BEGIN Records

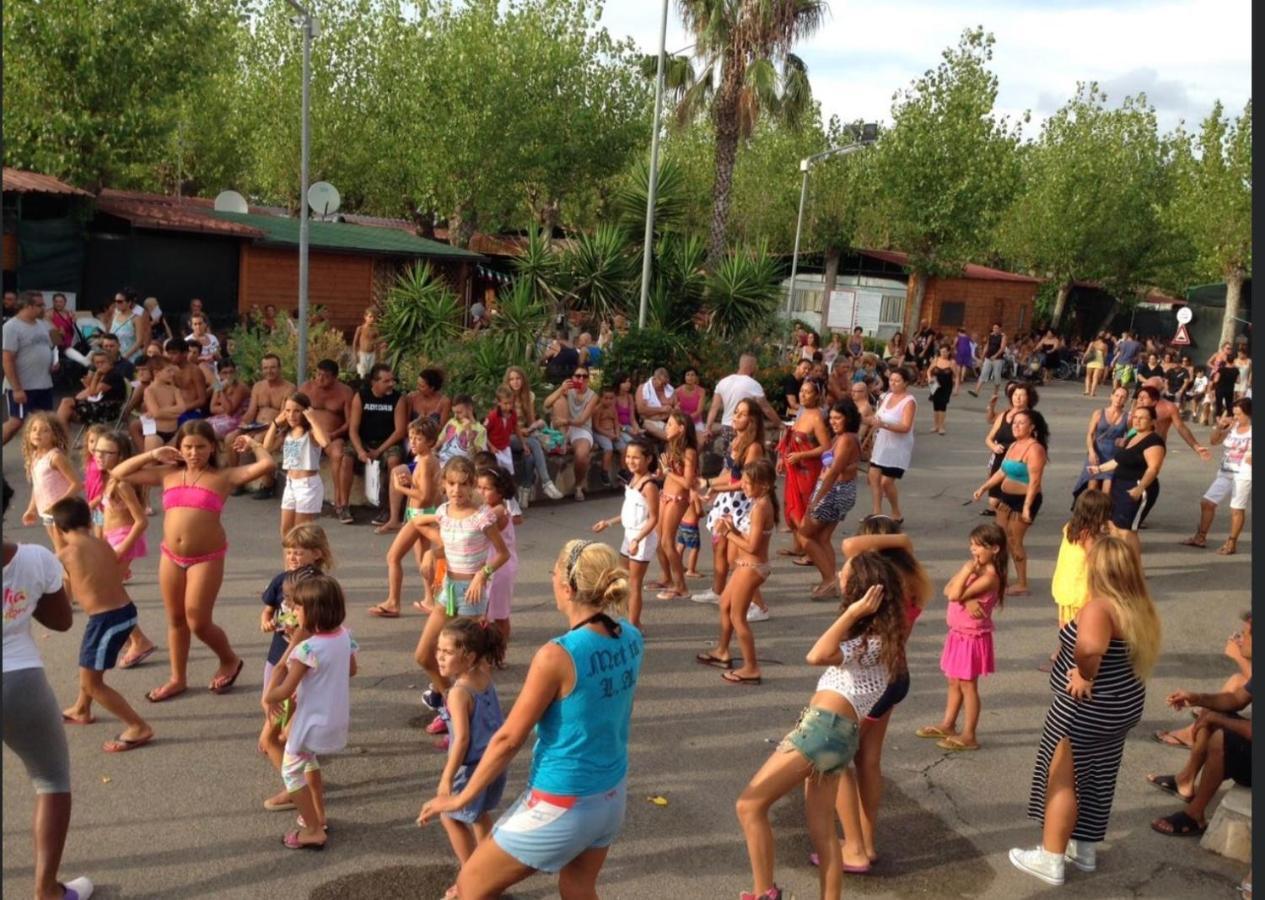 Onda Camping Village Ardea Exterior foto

END Records
BEGIN Records

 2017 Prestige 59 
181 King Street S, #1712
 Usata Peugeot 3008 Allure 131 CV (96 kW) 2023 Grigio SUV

END Records

* [What you have to do] Where the listing above has a line with "2017 Prestige 59", start there, and output every line exactly through the line with "Usata Peugeot 3008", which is also included.

* [Answer box]
 2017 Prestige 59 
181 King Street S, #1712
 Usata Peugeot 3008 Allure 131 CV (96 kW) 2023 Grigio SUV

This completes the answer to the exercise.